Please transcribe the listing below in full and word for word, without its pictures.

◆ Data below
■ ■ ■ ■ ■

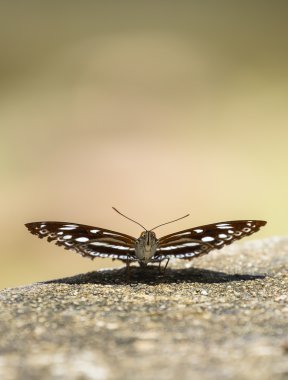 Yerdeki güzel kelebek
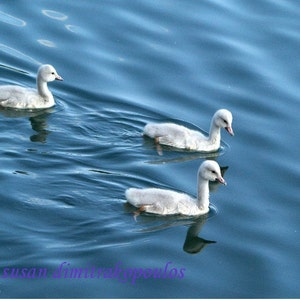 Time for Adventure, swans, 5 x 7 blank card, write your own msg, angels, signet, nursery decor, baby, blue white, baby shower, new mother image 1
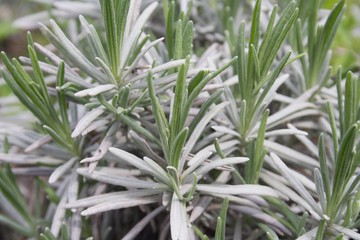 Young fresh green leaves of lavender plant in sprigtime. Lavandula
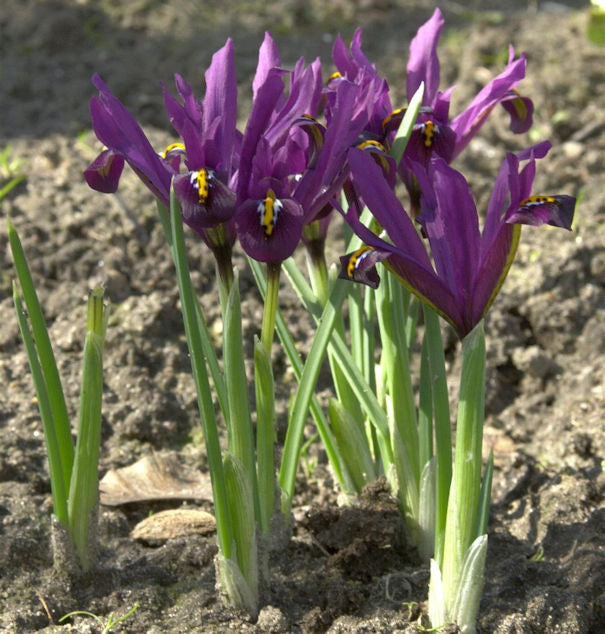 Winteriris J. S. Dijt - Iris Reticulata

■ ■ ■ ■ ■

◆ Problem solution
 Yerdeki güzel kelebek
 Time for Adventure, swans, 5 x 7 blank card, write your own msg, angels, signet, nursery decor, baby, blue white, baby shower, new mother image 1
 Young fresh green leaves of lavender plant in sprigtime. Lavandula
 Winteriris J. S. Dijt - Iris Reticulata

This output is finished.